大会長挨拶

テーマ

『理学療法の E P D C A』

評価科学的根拠.そしてマネジメント~

九州理学療法士学術大会2020 in SASEBO

大会長 大山 盛樹

 

 56年ぶりに開催される記念すべき「東京オリンピック2020」の日本が躍動する年に学術大会を担うことに光栄に思うと共に、40年の積み重ねを経た九州理学療法士作業療法士学会を財産として黎明を告げていただいた鹿児島学会を嗣ぐ大会を担うことに大変緊張する心持ちで企画を行っております。

 これまで、理学療法は医療・福祉における国の姿で変遷し、制度という追い風もあって理学療法士は急増して来ました。近年は介護保険、地域包括ケアシステム、健康寿命の延伸の一次から三次予防の領域へと多岐に渉る貢献を期待されています。しかしながら、一方では最も国の財政を費やしている社会保障費を効率的に運用するために医療と介護の提供体制が見直されており、アウトカム指標の導入などと、国は常に費用対効果を求め、言葉は良くありませんが、「質の低い」「漫然とした」リハビリテーションは認めない情勢であることは周知のことと思われます。また、4つの「疾患別リハビリテーション」に「がんのリハビリテーション」が加わり、疾患別に細分化し其々に専門的な対応が求められるとともに、超高齢化社会の様相を含む対応には重複した状態とその問題も決して少なくはなく、担うケースや関わる職種の調整力は必須なものとなっています。

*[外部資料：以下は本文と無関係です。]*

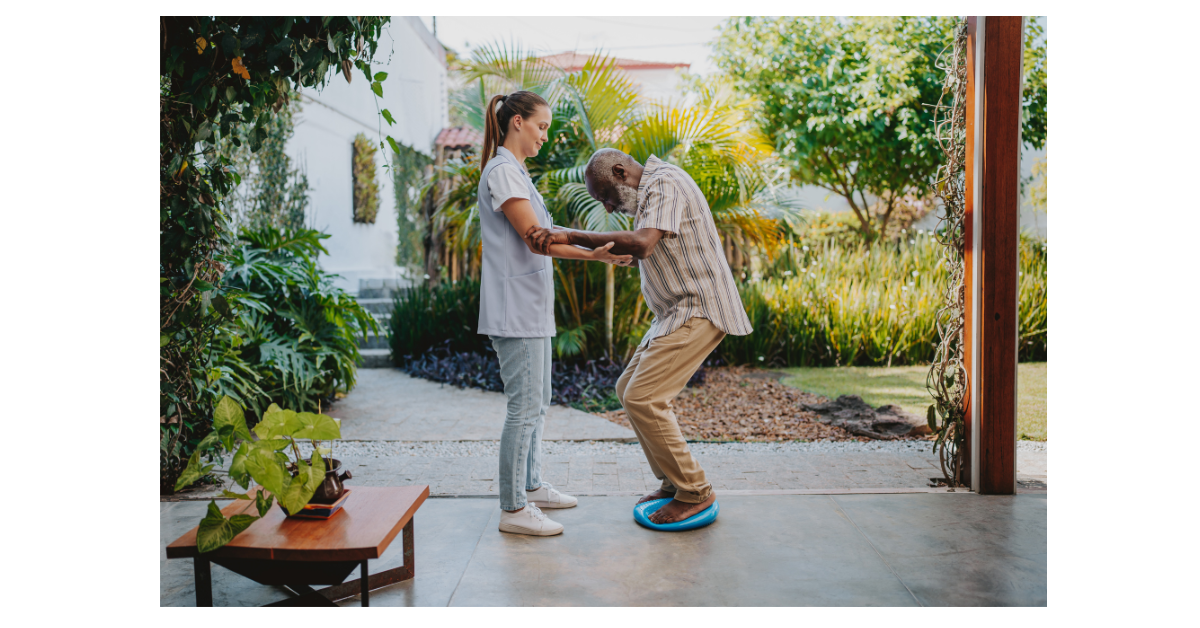 Neurological physiotherapist guiding a patient through a strengthening exercise.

 日本理学療法士協会は私たち理学療法士に今、求められているものは「理学療法をマネジメントする能力」と示唆しました。その実現は身体機能の評価から問題点を抽出し、その問題点へのプログラム立案を行い、適切に理学療法を実施し、随時再評価することとし、その繰り返しつまりEPDCAサイクルが責任ある理学療法の結果を生み出すことになります。その繰り返し実行されるEPDCAサイクルには必ず科学的根拠がなければ意味がないことは言うまでもありません。

 そこで、私たち長崎が開催する学術大会のテーマはEPDCAの「E」に2つの意味「Evaluation・Evidence」を持たせ、その運用の「やりくり」(マネジメント)が重要と考え、「理学療法のEPDCAー評価・科学的根拠そしてマネジメント」といたしました。

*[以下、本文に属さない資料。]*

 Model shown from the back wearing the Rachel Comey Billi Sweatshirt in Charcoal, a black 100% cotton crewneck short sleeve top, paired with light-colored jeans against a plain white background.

 特別講演では「理学療法のスキルチェンジ」、シンポジウムでは「臨床実習」をテーマに学術大会の根幹として進めます。教育セミナーを「運動器」「循環器」「神経系」「地域」の領域より細分化し再考することで脇を固め、公開講座においては「スポーツ」のマネジメントをオリンピックに関連し彩りを添えます。

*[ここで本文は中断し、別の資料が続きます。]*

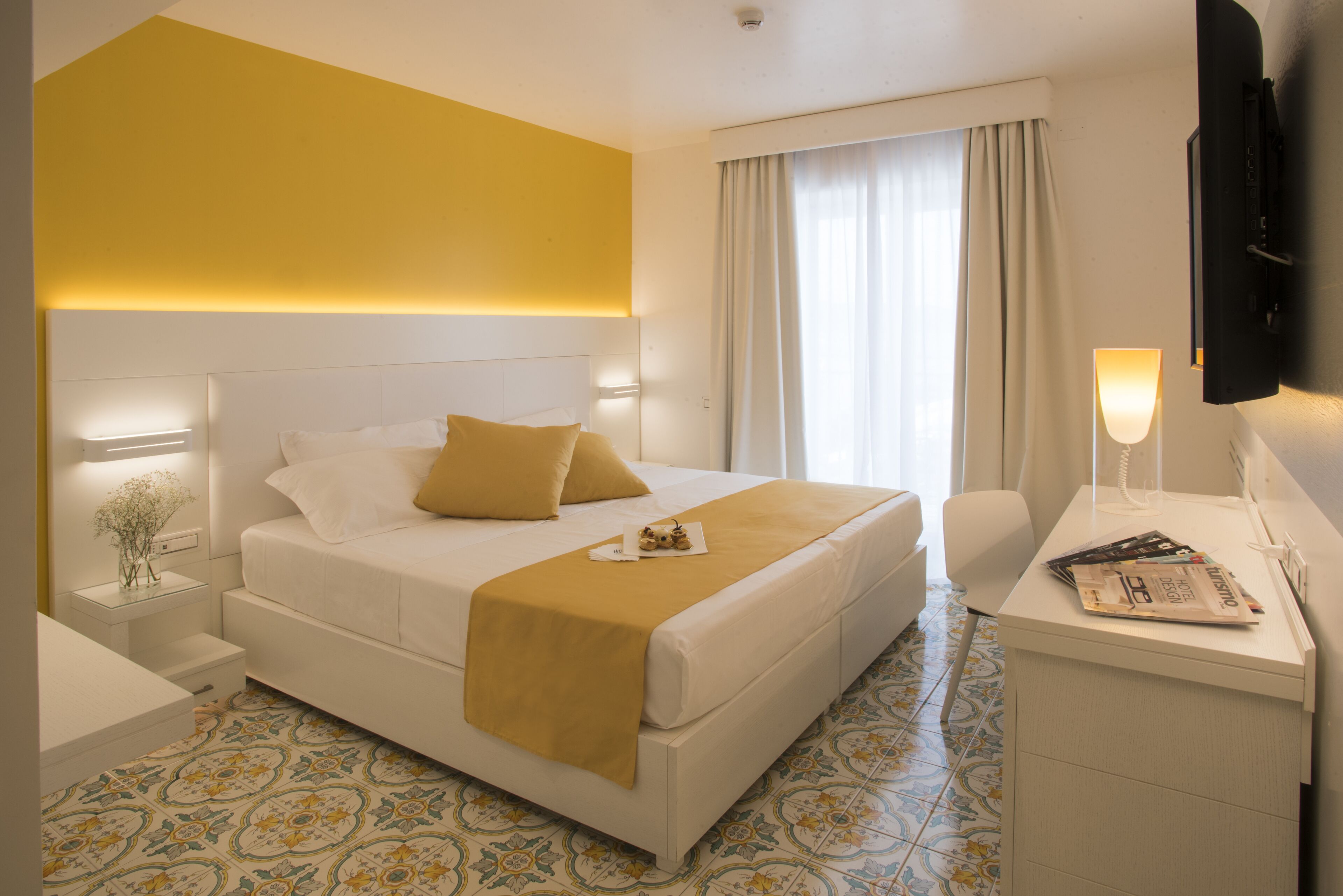 A hotel room with a large bed, bedside tables, a desk with a lamp, and a TV.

 それぞれの企画に「理学療法のPDCA」を分かり易く、PDCAのどの場面においても評価と科学的根拠を示していただき、そのマネジメントのあり方を導いていただけるものと期待いたしております。1日目には意見交換会(レセプション)を準備いたします。佐世保の夜もお楽しみください。

 長崎SASEBOの学術大会において、活発な議論と意見交換がなされ、どの時代にも生き抜く専門性を有する理学療法像について、求めることの出来る有意義な学術大会になることを希望いたします。

 たくさんの皆様のご参加とたくさんの演題のエントリーを長崎県理学療法士協会会員ならびに関係者一同、心よりお待ちしております。